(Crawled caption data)
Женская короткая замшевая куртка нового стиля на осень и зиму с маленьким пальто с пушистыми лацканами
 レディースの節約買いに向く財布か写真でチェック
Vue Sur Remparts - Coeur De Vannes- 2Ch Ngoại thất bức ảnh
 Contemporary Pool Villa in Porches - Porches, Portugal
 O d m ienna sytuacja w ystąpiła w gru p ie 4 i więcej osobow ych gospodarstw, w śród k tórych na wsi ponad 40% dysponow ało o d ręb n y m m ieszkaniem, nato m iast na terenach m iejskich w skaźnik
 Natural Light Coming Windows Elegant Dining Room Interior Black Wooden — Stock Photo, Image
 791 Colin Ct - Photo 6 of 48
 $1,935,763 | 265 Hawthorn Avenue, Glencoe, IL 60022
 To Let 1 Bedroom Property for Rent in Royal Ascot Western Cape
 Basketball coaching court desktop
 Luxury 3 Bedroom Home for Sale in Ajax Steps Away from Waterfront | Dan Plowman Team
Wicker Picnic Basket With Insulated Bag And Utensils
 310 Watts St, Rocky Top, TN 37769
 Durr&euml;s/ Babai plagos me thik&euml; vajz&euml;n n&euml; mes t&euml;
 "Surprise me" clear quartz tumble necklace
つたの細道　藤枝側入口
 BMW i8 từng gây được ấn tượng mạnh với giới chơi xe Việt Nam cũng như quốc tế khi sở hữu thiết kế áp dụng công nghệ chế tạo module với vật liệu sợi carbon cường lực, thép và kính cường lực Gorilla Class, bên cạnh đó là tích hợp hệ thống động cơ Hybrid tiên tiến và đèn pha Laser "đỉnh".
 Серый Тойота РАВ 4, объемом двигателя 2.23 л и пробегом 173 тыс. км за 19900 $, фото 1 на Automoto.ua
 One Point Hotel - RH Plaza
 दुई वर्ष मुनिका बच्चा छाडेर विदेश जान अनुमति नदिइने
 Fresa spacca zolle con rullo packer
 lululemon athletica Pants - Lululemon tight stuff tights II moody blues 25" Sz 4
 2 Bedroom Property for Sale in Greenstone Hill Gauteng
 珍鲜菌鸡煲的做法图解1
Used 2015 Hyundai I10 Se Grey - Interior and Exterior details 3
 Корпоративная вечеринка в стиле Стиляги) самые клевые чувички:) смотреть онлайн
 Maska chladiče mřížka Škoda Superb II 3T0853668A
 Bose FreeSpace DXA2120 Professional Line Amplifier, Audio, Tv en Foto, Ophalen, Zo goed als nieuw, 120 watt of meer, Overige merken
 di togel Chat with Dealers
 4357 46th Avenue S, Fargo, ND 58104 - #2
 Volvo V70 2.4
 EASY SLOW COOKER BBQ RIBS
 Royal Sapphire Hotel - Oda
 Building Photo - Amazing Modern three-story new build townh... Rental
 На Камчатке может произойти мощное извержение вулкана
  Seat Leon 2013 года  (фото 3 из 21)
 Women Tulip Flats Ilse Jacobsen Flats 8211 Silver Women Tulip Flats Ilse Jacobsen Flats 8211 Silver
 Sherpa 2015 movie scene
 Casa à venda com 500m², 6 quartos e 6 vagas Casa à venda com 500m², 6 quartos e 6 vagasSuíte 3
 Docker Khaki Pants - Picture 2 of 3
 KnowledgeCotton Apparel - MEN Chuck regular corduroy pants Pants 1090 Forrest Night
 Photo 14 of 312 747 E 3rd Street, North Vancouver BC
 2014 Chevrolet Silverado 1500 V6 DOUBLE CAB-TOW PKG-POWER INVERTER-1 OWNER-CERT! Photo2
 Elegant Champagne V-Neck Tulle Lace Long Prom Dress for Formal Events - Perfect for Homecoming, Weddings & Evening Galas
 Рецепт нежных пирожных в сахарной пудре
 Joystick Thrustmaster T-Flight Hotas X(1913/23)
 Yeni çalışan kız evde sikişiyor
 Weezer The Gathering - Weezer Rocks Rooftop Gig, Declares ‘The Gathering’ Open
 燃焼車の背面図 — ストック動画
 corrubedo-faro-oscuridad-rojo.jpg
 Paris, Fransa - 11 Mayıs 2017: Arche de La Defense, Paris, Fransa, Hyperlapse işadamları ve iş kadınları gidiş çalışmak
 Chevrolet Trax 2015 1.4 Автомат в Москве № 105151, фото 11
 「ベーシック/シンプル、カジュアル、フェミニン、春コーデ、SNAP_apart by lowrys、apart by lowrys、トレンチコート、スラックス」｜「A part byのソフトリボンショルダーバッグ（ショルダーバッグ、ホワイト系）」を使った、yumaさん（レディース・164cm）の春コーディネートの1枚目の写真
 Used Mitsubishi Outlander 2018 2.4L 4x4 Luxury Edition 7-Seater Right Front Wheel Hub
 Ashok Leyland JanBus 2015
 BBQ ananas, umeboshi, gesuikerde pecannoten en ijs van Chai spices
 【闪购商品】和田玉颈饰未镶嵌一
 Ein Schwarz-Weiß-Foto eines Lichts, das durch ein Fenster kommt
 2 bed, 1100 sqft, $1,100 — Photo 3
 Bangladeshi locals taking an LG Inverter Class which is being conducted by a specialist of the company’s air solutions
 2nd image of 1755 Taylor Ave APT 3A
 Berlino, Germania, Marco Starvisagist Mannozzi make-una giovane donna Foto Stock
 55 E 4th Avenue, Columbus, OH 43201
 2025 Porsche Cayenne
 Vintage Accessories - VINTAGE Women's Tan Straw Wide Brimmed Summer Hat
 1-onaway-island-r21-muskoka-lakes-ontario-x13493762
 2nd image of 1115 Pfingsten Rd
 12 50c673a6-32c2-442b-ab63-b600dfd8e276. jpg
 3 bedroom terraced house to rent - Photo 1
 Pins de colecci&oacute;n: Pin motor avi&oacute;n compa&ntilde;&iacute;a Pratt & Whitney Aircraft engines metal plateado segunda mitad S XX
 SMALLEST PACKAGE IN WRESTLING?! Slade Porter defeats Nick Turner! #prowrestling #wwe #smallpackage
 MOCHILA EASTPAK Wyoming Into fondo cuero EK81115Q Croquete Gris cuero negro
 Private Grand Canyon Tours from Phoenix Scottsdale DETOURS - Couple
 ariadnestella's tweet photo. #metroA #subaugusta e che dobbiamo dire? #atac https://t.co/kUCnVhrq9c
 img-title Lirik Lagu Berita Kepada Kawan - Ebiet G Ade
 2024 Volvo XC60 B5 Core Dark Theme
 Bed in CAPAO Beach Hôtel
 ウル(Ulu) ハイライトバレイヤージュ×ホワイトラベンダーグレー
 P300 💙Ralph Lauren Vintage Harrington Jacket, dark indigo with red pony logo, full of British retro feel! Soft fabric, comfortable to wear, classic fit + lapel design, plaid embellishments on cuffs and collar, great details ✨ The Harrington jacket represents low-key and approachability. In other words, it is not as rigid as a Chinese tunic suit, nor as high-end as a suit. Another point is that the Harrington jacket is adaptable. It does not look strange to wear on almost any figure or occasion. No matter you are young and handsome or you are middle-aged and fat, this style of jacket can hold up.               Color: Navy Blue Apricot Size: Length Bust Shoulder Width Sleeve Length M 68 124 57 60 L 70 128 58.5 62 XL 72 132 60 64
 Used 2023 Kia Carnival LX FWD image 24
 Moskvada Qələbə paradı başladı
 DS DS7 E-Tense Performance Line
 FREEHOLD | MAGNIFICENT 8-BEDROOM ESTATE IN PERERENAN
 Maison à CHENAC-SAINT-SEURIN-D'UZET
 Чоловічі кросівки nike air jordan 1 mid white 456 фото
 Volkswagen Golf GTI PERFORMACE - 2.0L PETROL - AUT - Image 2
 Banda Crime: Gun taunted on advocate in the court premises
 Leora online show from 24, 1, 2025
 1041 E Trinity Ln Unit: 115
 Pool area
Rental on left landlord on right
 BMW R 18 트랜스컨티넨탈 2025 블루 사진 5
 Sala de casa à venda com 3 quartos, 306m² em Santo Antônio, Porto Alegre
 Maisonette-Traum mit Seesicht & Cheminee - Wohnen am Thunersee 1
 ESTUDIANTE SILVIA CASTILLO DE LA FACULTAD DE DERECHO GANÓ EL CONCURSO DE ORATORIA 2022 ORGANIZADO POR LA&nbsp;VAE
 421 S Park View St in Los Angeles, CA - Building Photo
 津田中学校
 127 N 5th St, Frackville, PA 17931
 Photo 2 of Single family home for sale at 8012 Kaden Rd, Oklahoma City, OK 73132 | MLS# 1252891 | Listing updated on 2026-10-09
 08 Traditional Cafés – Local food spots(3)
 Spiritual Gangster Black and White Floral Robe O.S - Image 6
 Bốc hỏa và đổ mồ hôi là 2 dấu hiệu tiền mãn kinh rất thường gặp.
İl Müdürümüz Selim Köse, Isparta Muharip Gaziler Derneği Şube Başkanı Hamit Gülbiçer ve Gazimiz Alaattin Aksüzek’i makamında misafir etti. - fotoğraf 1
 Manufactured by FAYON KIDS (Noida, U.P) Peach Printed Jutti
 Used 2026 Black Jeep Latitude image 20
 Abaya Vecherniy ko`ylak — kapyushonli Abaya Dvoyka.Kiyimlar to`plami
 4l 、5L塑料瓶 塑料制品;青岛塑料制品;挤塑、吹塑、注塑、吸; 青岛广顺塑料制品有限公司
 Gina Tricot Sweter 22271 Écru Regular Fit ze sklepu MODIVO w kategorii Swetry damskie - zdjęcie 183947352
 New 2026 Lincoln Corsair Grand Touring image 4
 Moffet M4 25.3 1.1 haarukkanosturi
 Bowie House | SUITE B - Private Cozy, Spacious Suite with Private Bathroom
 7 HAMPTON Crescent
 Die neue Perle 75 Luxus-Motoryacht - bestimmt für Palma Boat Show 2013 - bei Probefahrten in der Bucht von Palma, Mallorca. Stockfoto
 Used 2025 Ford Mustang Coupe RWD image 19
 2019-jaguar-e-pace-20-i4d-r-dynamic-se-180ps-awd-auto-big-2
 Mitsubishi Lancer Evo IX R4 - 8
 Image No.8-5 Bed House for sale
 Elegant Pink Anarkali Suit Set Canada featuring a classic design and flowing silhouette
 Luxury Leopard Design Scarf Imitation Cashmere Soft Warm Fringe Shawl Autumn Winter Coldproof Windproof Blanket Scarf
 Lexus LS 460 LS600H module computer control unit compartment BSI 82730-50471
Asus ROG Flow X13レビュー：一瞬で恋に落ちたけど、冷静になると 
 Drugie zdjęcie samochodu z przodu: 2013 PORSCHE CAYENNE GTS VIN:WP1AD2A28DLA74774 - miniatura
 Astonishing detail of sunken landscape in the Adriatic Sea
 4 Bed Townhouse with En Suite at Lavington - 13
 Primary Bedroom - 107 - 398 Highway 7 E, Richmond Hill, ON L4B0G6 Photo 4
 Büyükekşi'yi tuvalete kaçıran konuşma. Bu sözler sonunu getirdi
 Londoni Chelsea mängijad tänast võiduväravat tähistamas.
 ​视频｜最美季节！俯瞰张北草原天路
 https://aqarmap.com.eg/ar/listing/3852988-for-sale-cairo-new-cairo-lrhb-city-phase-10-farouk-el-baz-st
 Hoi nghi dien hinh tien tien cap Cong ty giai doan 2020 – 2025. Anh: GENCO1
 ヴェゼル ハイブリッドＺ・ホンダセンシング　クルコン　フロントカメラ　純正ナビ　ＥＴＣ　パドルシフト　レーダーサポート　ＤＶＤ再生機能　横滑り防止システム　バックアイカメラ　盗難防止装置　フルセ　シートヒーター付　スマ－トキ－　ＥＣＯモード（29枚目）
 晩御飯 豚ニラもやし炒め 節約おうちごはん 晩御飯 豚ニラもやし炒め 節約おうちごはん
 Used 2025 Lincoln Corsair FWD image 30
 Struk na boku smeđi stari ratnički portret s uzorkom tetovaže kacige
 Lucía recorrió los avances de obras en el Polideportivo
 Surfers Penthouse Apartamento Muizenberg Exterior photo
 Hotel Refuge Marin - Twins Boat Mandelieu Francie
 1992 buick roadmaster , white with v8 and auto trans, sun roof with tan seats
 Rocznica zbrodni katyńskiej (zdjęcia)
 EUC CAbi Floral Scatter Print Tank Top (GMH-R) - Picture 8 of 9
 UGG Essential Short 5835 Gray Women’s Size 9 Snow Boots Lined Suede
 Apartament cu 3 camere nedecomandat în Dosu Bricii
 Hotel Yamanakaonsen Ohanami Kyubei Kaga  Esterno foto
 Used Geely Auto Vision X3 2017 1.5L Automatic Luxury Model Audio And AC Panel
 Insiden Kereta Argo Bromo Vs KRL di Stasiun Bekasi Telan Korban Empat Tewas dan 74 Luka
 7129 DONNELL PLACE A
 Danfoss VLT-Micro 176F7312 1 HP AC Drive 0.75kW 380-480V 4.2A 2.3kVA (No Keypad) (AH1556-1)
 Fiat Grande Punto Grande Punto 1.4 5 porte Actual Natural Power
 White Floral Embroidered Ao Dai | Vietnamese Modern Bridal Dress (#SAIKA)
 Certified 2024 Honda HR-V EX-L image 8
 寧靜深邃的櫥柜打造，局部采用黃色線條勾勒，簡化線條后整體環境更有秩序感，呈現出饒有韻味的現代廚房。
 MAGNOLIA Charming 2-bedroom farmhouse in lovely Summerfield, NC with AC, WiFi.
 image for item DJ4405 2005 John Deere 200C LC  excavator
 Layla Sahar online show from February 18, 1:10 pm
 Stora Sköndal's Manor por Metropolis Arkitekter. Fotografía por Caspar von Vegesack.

■ **Task requirements**
Out of the entries above, write out only the lines between the line holding "Berlino, Germania, Marco" and the line holding "2nd image of 1115 Pfingsten Rd", inclusive, each exactly as given.

■ **Task result**
 Berlino, Germania, Marco Starvisagist Mannozzi make-una giovane donna Foto Stock
 55 E 4th Avenue, Columbus, OH 43201
 2025 Porsche Cayenne
 Vintage Accessories - VINTAGE Women's Tan Straw Wide Brimmed Summer Hat
 1-onaway-island-r21-muskoka-lakes-ontario-x13493762
 2nd image of 1115 Pfingsten Rd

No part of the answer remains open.